Takeovers Panel Guidance Note on insider participation in takeovers (including private equity bids)

The Takeovers Panel has today released Guidance Note 19 in relation to
when the Panel may consider unacceptable circumstances exist where
there is insider participation in control transactions.

The Guidance Note provides takeover market participants with guidance
on situations where there is involvement or potential involvement by
the management, directors or external advisers of a target company with the bidder or participating insiders to in a takeover bid or potential bid for the target company.

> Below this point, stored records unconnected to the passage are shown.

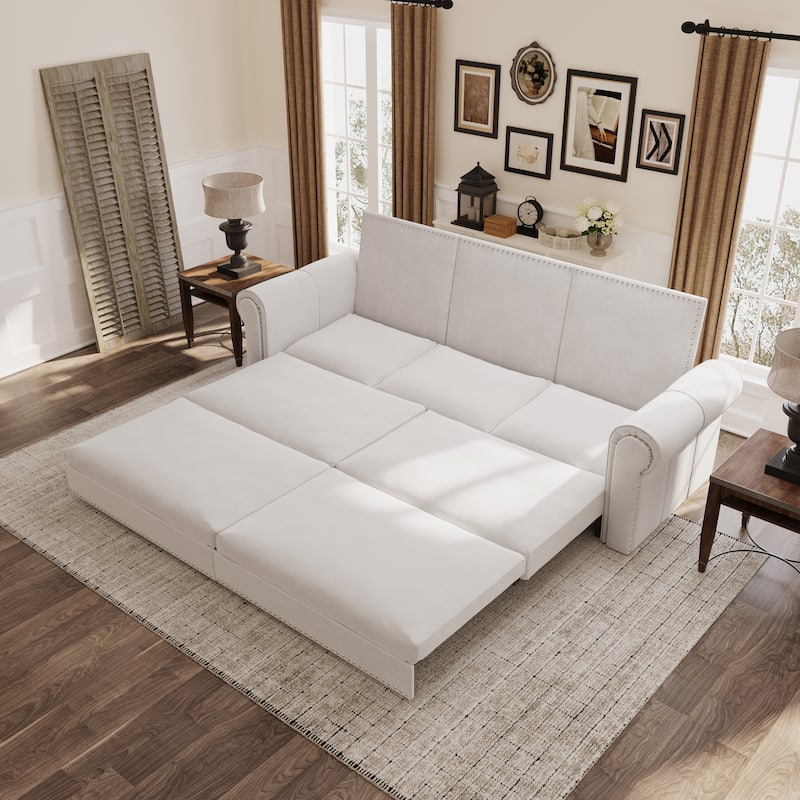 93.7" King Pull Out Sofa Bed w/ Nailhead Trim & Rolled Arm for Living Room Bedroom - White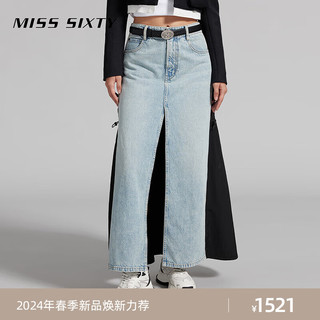 MISS SIXTY2024春季牛仔裙女开衩拼接性感个性长裙欧美高街风 中蓝 XS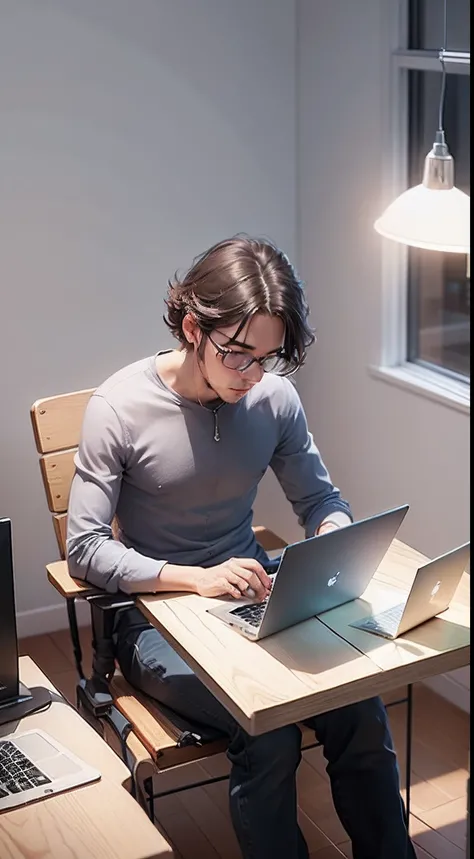 Flat 2D illustration of a man using a laptop on a table, in his home, sitting on a chair, minimalistic, vector art, white background, white space –ar 16:9  -imagine --auto --s2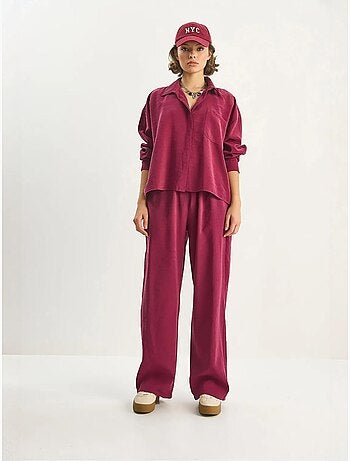 Set co-ord due pezzi camicia-pantaloni lucci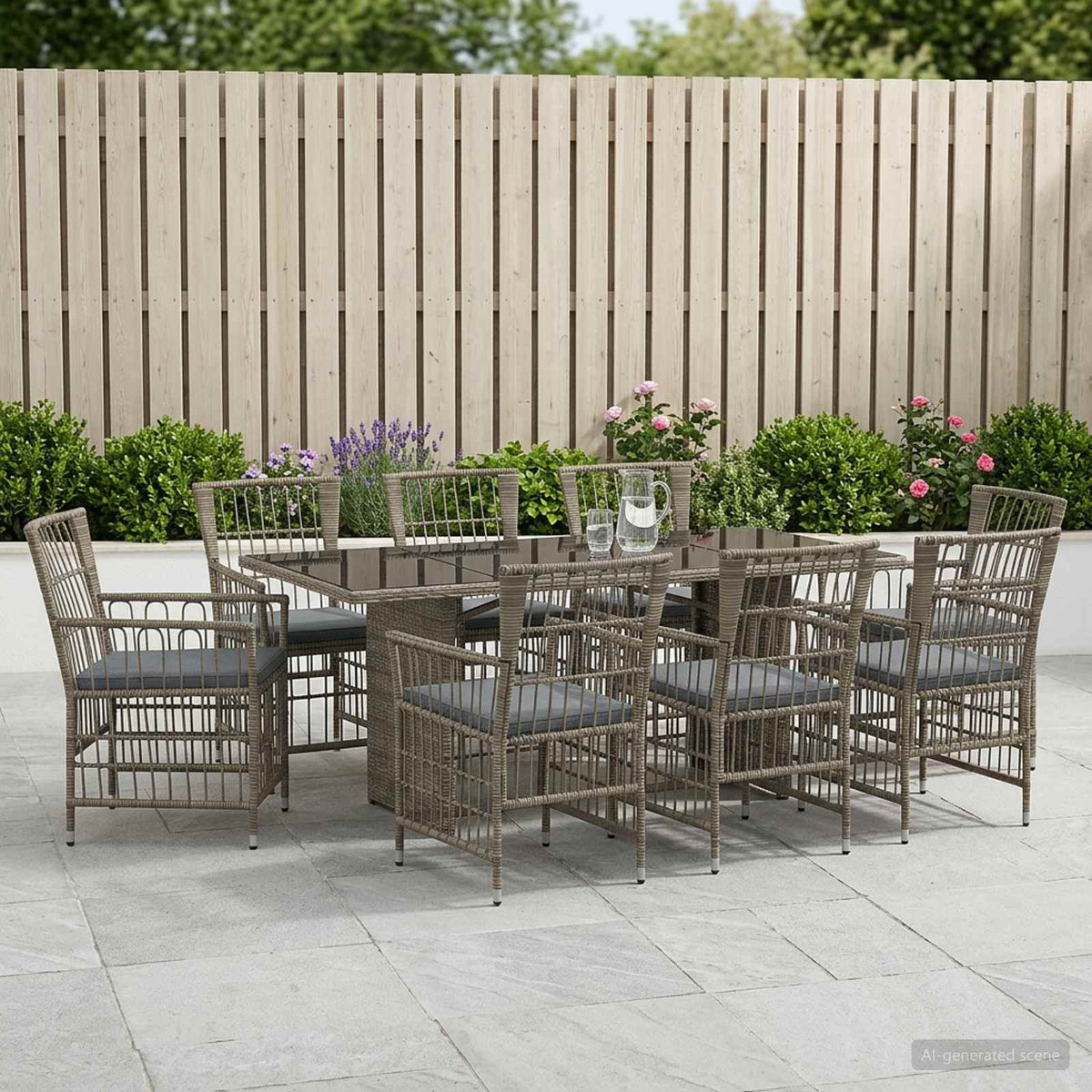 Buiten eettafelset 9 st Grijs poly rattan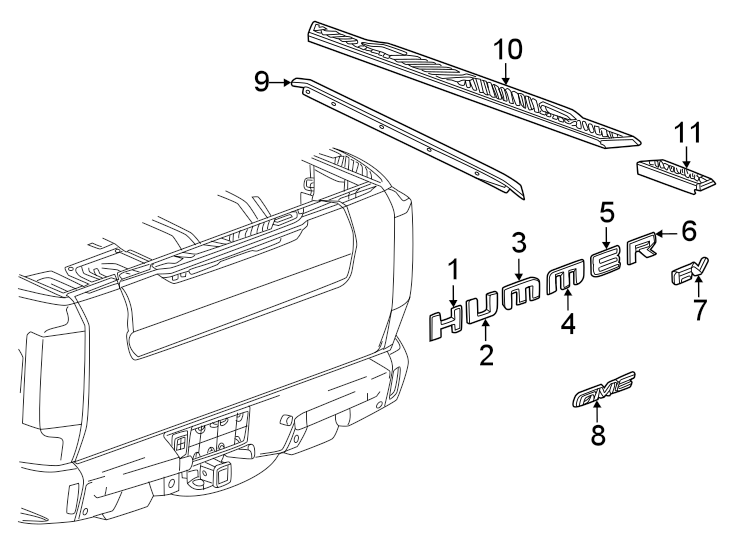 Tail gate. Exterior trim.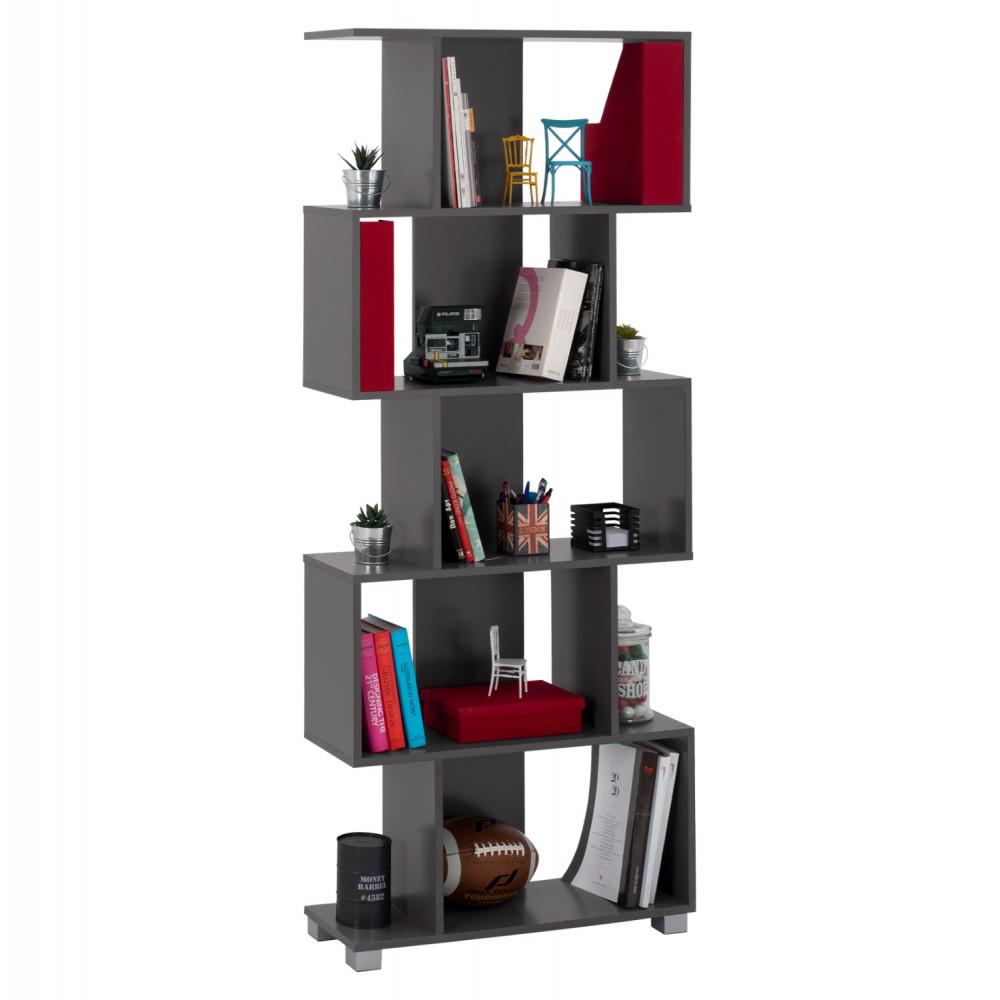 Βιβλιοθήκη σε χρώμα γκρί 70x25x177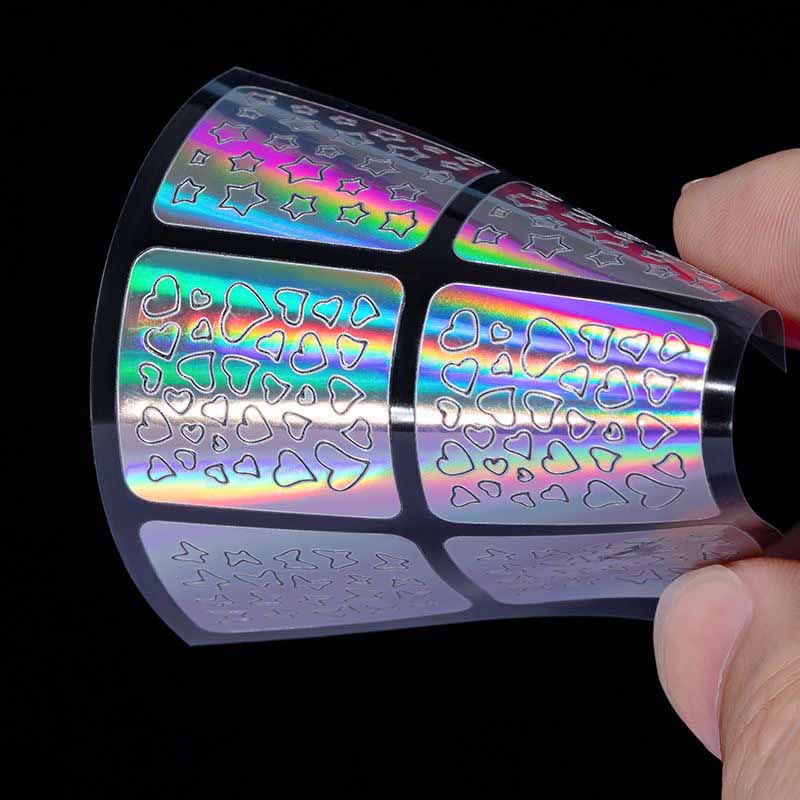 12/24 Arkusze Wycinane Laserowo Naklejki do Nail Artu Szablony do Stemplowania - Zestaw Narzędzi DIY do Manicure Francuskiego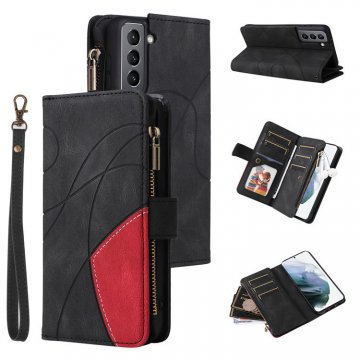 Samsung Galaxy S21 Zipper Wallet Magnetic Stand Case Black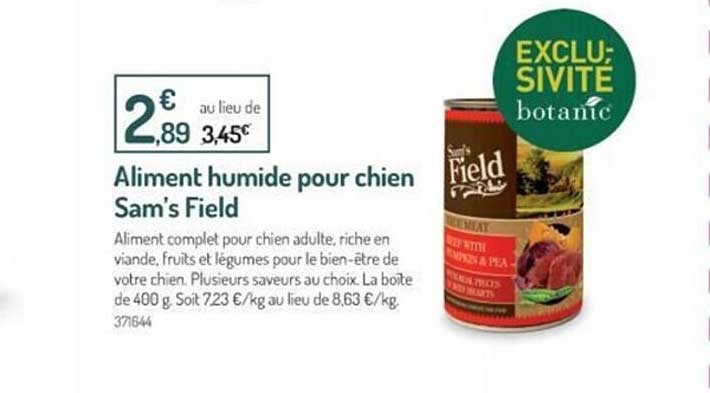 aliment humide pour chien sam's field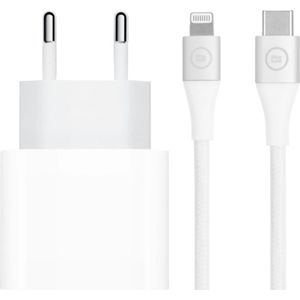 Apple Power-Delivery-Ladegerät 20 W + BlueBuilt Lightning-Kabel 3 m Nylon Weiß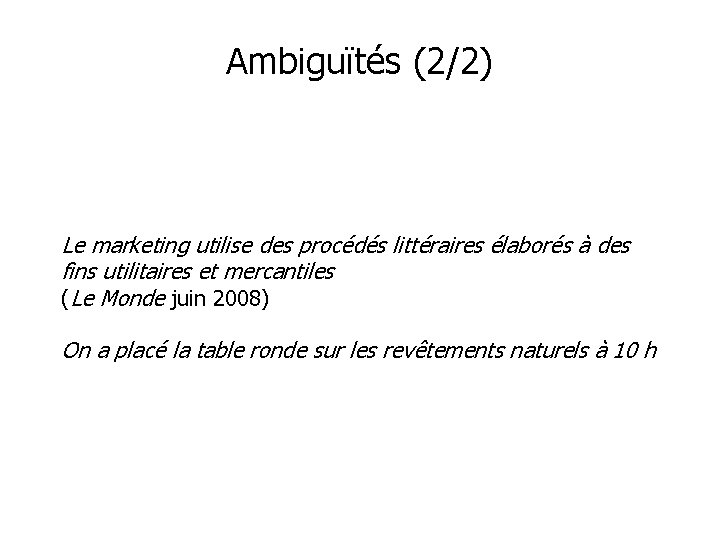 Ambiguïtés (2/2) Le marketing utilise des procédés littéraires élaborés à des fins utilitaires et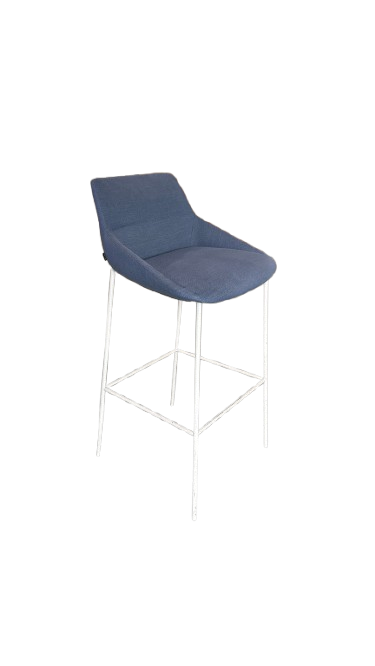 Chaise Haute Bleu en Tissu avec Pieds Métalliques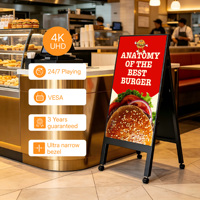 Pantalla Digital LCD Comercial para Interiores de Alto Brillo (1200nits), Tablero de Menús con Software CMS, Montaje en Pared o Suelo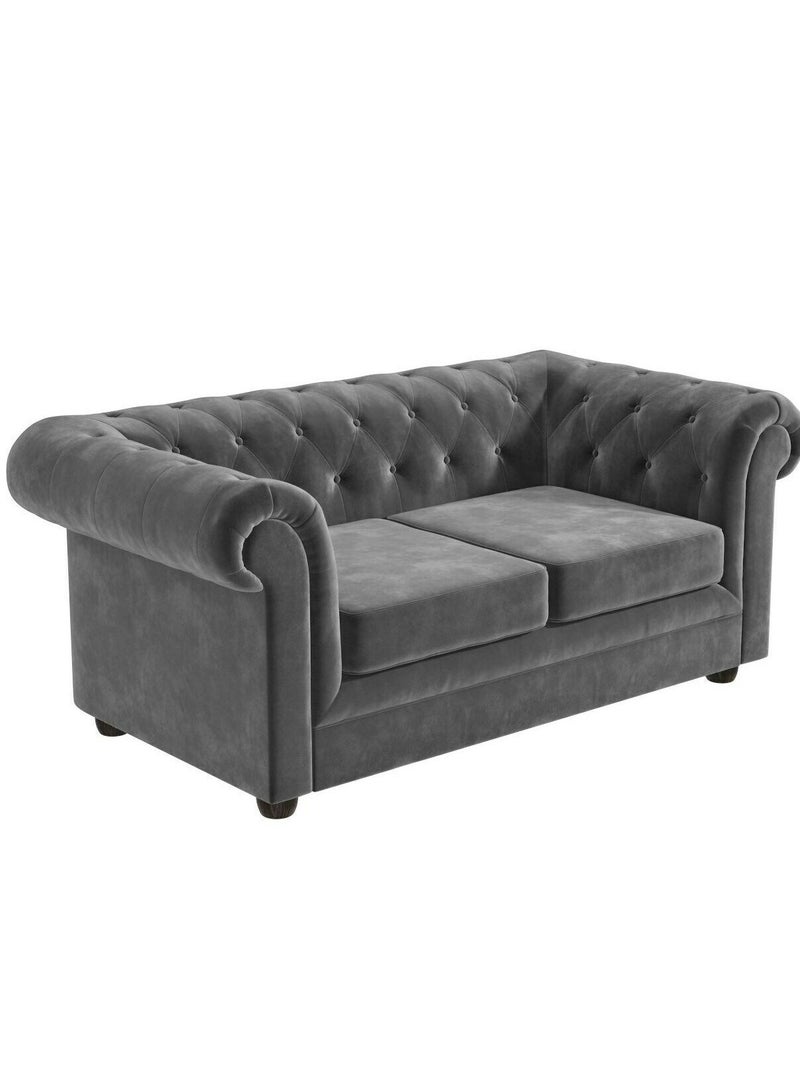 Maharat Al Bahar 2 Seat Chesterfield Tufted Jewel Toned Velvet Sofa With Scroll Arms, Grey 160x90x80  - Image 2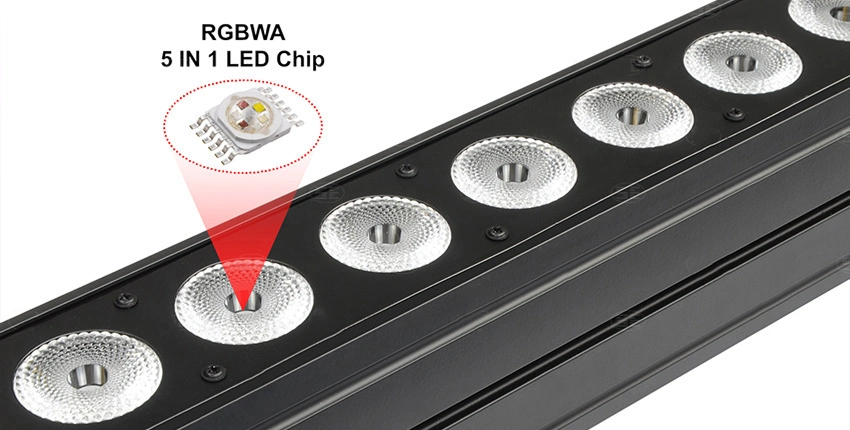 18X18W DMX Barra LED UV RGBWA 6en1 Fase LED DMX512 bañador de pared para uso en interiores de la luz de discoteca DJ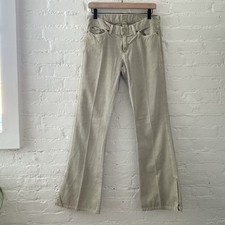 VTG Lucky Brand Flare Jeans Tan Khaki Denim Y2K Dungarees Low Rise Womens 8/29 picture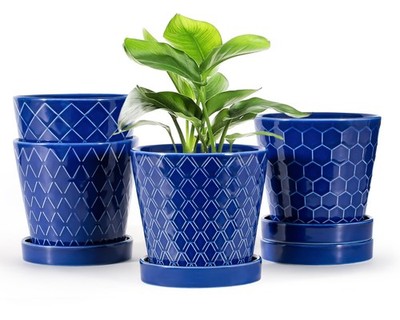 ''5-Inch Ceramic Plant Pots with Drainage, Set of 4 for Indoor Decor''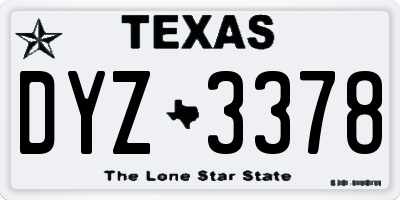 TX license plate DYZ3378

The issues which are discussed in
this Guidance Note overlap with directors’ and employees’ duties, employment law
and the duties and terms of engagement of advisers. The guidance
applies to these issues where they affect the principles set out in
section 602 of the Act, including the maintenance of an efficient,
competitive and informed market for a company’s securities where the
company is subject to a takeover bid.

Key guidelines include:

  1. The Panel considers that insiders should promptly inform the
    relevant sub-committee or the board of the target company of any
    approaches that might lead to a change of control proposal being tabled
    and obtain the relevant sub-committee or the board’s consent before
    they provide any non-public information. 
  2. The Panel considers that it would be prudent for companies to make
    such requirements clear to their management and boards, and that
    bidders seeking to gain the support of insiders should also make any
    proposed discussions subject to such requirements.
  3. As soon as the board of a company becomes aware or informed of a
    bid or potential bid for the company, in which there is, or is likely
    to be, participation by insiders, it should establish appropriate
    protocols. Normally this will involve appointing an independent board
    committee (IBC) consisting of those directors who are not
    participating insiders to oversee the application of these protocols
    and the process in the interests of target shareholders. Any directors
    who are participating insiders should not be present at, or participate
    in or vote on, any consideration by the board of the bid or any
    competing bid.

The issues discussed in this Guidance Note are applicable to all
takeover bids (irrespective of the source of funding). However, some of
the issues have recently been brought to prominence by the increase in
the number of private equity bids or other buy-outs which frequently
have features which make the Guidance Note particularly relevant for
such bids.

The Panel has also released a Public Consultation Response
Statement which sets out the main comments that the Panel has received
and the reasons why the Panel has taken up, or not taken up, the
comments or suggestions received (Consultation  Response).